Presenting: Alan Sockloff ( Oct.21- Nov.11)

Alan Sockloff Biography:

To summarizeI was born in New York City, raised in Coral Gables, educated in Atlanta,and employed in Philadelphia.  While thriving as a professor of Quantitative Psychology at Temple University, it was my passion for photography that led to my early retirement, thereby allowing me to devote more time to my art.  So, I retired in Brunswick ME and again in Greencastle, IN.  

As the son of an amateur photographer who believed portraits were his specialty, my sisters and I spent our early childhoods subjected to numerous photo sessions with a well-worn brown blanket for a backdrop and our eyes blinded by 500W  bright lights.  Despite this inauspicious beginning, I did develop an interest in photography, starting at age 10 and using my Kodak Pony 35 to record family travels and good times with friends. 

Years later, I married my dear wife Carol and somehow ended up with a blended family of four children.  And, as you would expect, I became the family photographer, tracking our travels, significant life events, and even silly portraits.  In 1990, around the time our oldest children were headed off to college, was re-engaging with my passion for photography, taking basic darkroom courses with Bruce Katsiff at a local junior college in order to develop my skill in printing silver gel black & white photos. Years later, my printing skills improvedafter having studied black & white printing with John Sexton at Anderson Ranch Art Center and George Tice, as well as alternative process printing with Christopher James and Brenton Hamilton, the latter three at Maine Media Workshops.  Over the years, I have exhibited my works in group and solo shows mainly in Pennsylvania, New Jersey and Maine.  Three museums hold some of my photos:  University of New England, James A. Michener Art Museum, and Bowdoin College Art Museum.  The latter two each have in their collections several my scrap metal photos.

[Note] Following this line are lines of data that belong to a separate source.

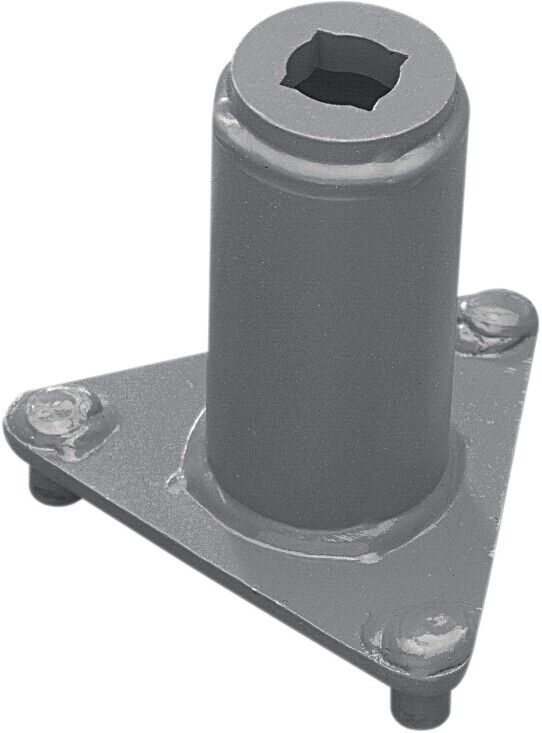 2018-2020 for Polaris Voyageur 550 EPI Spider Tool 341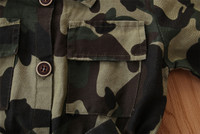 uploads/erp/collection/images/Baby Clothing/minifever/XU0419018/img_b/img_b_XU0419018_3_QYASdt75ObdPOx-ePsnmCFYyAROjA84B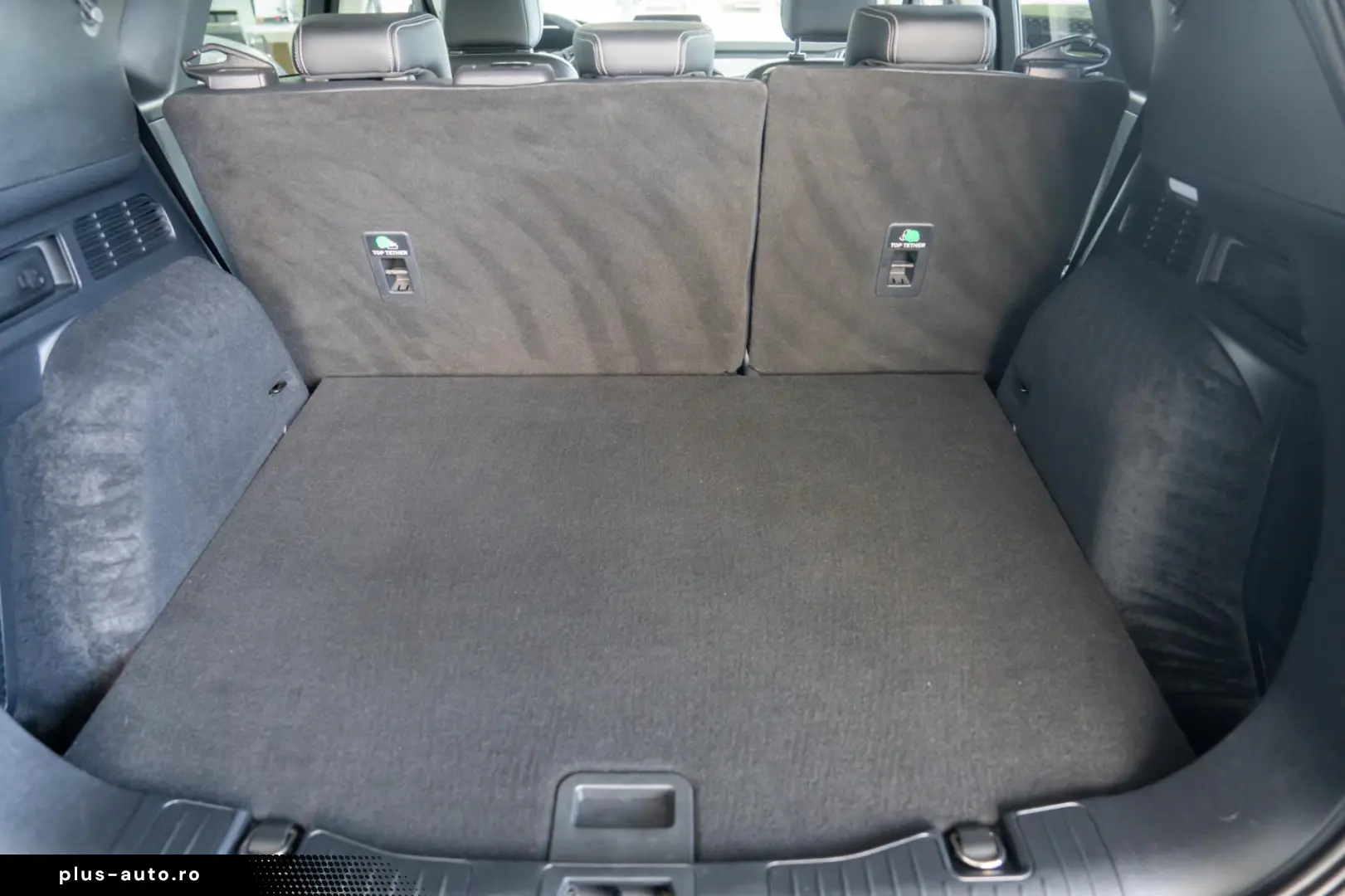 Ford Kuga 2.0 EcoBlue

Specializing in both wet darkroom black & white as well as alternative processes printing, my preferred subjects have been diverse, varying from abstract patterns of scrap metal and dynamic water flow to travel photography and land- and waterscapes to still lifes of aging flowers.  My interest in abstract patterns stems from my fascination with the results of random processes:   lines & curves, texture, shading, and the forms that are created.  These quasi-magical forms are particularly interesting to me when they take on partially recognizable, although not always obvious, shapes.

The SCRAP YARD series, shown here, began in 1997 when I visited my brother-in-law’s scrap yard in Philadelphia (S.D. Richman Sons) and found metals of many varieties, shapes, and arrangements, either lying on the ground in piles (bushelings) or in stacked crushed bales waiting to be shipped.  The abstract forms created by the arrangements seemed both random and magical.  I could see in the scrap exactly what I had been seeking in my other photographyand I spent the next few years photographing there.